In conjunction with Ann Kreitman’s England’s Splendid Daughters, part of the Iowa Directors Festival, a group of artists and scholars held a roundtable discussion of how queer history is shared and taught outside of academic spaces. As marginalized histories have their own methods of preservation and teaching, they discussed the passing of stories, objects, embodied history, and how art is often at the center of this sharing.  

Panelists included:
T.J. Dedeaux-Norris (UI assistant professor, painting and drawing)
Kim Marra (UI professor emeritus, theatre arts and American studies)
Christopher-Rasheem McMillan (assistant professor of dance and gender, women’s and sexuality studies)
Aiden Bettine (community and student life archivist residency librarian, University of Iowa; LGBTQ Iowa Archives & Library)
Elizabeth Rodriguez Fielder (assistant professor, English department)
Moderated by Ann Kreitman (playwright and director of England’s Splendid Daughters)

This event was hosted in collaboration with the Pride Alliance Center.


Meeting the Moment: Cuba Then & Now

Saturday, February 5, 2022 at 4:00 p.m. CST on Zoom

The Department of Theatre Arts hosted a panel discussion about Cuban performance, art, and cultural memory in conjunction with María Irene Fornés’s Letters from Cuba.

Panelists included:
Natalie Villamonte Zito (director of Letters from Cuba)
Orlando Lopez (Cuban-American actor in Letters from Cuba, playing the roles of Gerardo/Jerry)
Elizabeth Rodriguez Fielder (assistant professor, English department)
Caridad Svich (award-winning playwright, translator, and editor)
Fredo Rivera (art and architectural historian, assistant professor of art history at Grinnell College, and drag performer)
Moderated by Rob Ascher (dramaturg of Letters from Cuba)

This event was hosted in collaboration with the Latino Native American Cultural Center.


Borderless: I'm Writing to You Today

I'm Writing to You Today
Created by Ann Kreitman
August 18-September 26, 2021
(original premiere April 1-30, 2021)

I'm Writing to You Today was an environmental audio experience that led you through campus in the footsteps of our queer ancestors. Listeners were able to go alone or in pairs to reimagine campus as the backdrop for historical queer love letters. This outdoor experience began at the University of Iowa Theatre Building (200 N. Riverside Drive, Iowa City, Iowa) and lasted approximately one hour.
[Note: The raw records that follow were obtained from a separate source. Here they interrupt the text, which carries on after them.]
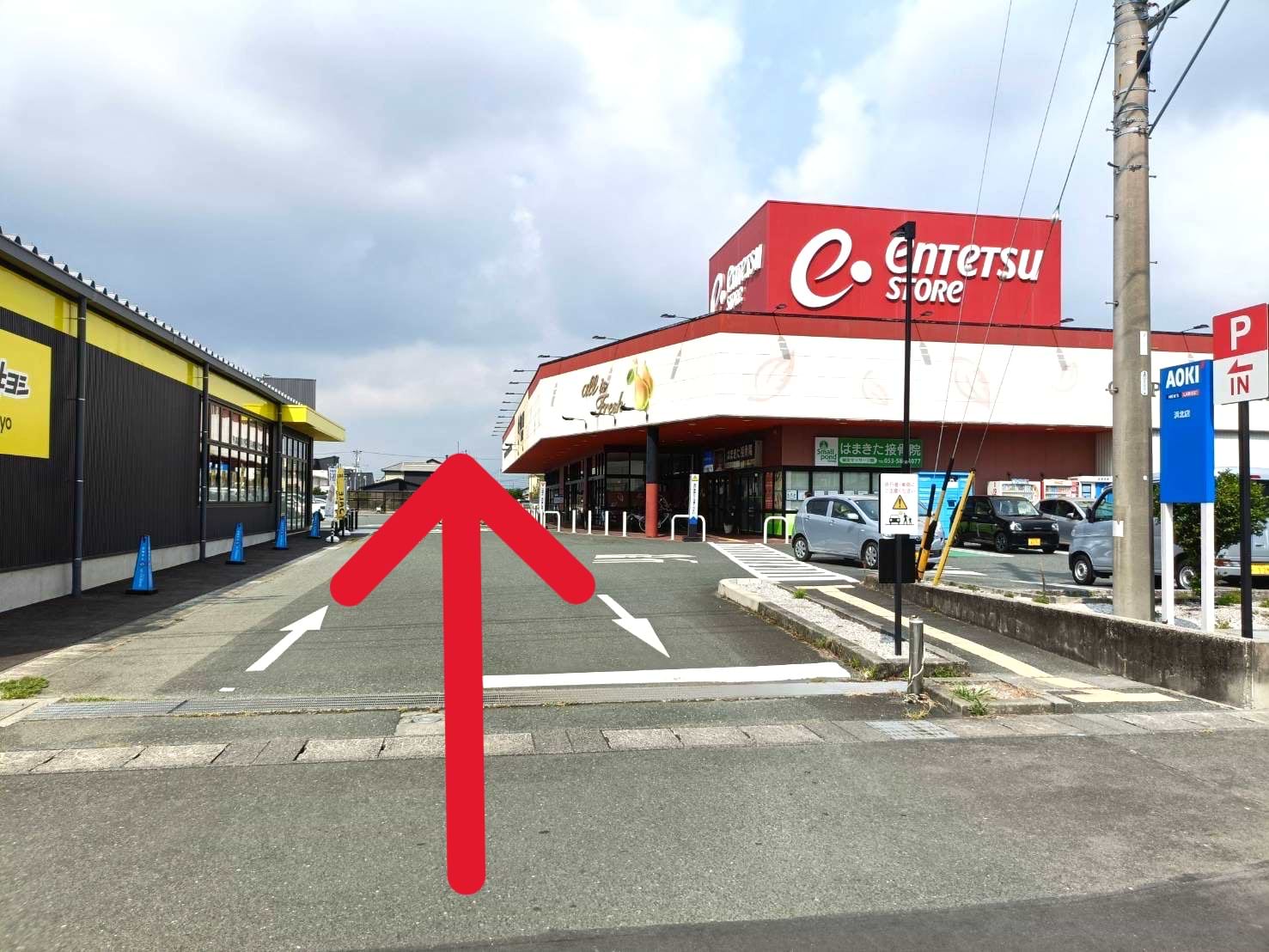 東側道路からですと、遠鉄ストア 浜北店正面入口を右手にずっと直進し、突き当りに当店がございます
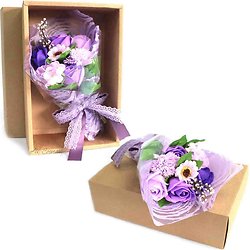 Bouquet Violet avec fleurs de savon dans sa boite bain romantique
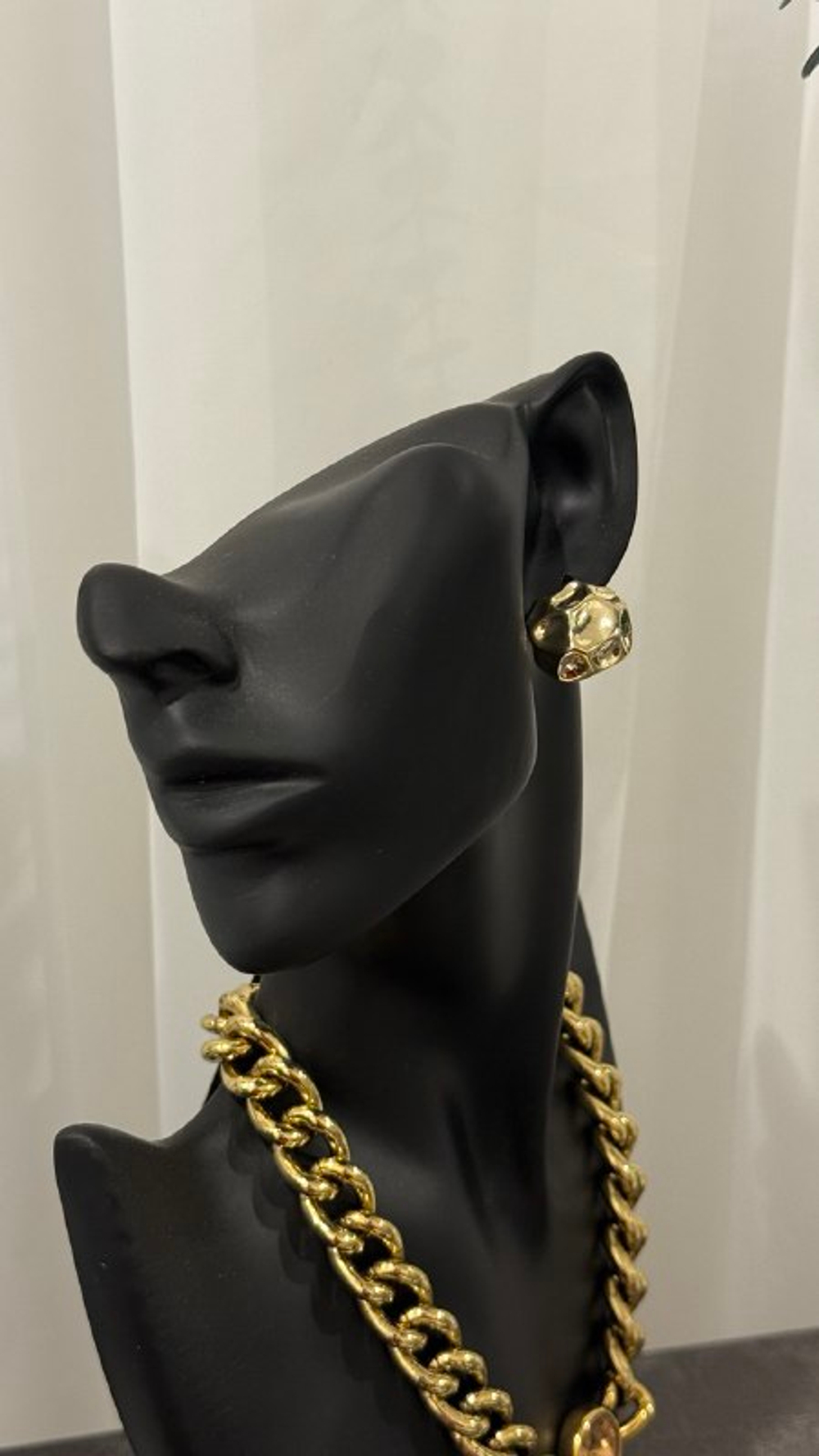 Серьги круглые полусферы с впадинами, оттенок золото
The podcast was available for digital download on Apple Podcasts and Spotify.

I'm Writing to You Today was a gift to the LGBTQ+ community of Iowa, celebrating the fact that we always have and always will find our path to love.

This experience was created in collaboration with the Pride Alliance Center.

Ann Kreitman is a first year MFA candidate in directing and certificate candidate in Gender, Women's, and Sexuality Studies. Ann has presented work in Chicago, New York City, and Philadelphia, and specializes in creating original theatrical events with a focus on lesbian and queer history-telling and mythmaking. She is an associate member of the Stage Directors and Choreographer's Society and formerly served as the Co-Artistic Director of (re)discover theatre. Her portfolio can be viewed at annkreitman.com.


Borderless: Celebrating Indigenous Theatre

Sunday, November 15, 2020 at 1:00 p.m. CST on Zoom

"Celebrating Indigenous Theatre” was a roundtable and Q&A session with renowned Indigenous theatre artists: Ty Defoe (Giizhiig, Ojibwe + Onieda Nations), Mary Kathryn Nagle (Cherokee Nation of Oklahoma), Madeline Sayet (Mohegan), and Rhiana Yazzie (Navajo). This conversation was moderated by Morgan Grambo, MFA ‘20, and was produced in conjunction with the Latino Native American Cultural Center’s Native American Heritage Month events.

A conversation about the past, present, and future of Indigenous theatre.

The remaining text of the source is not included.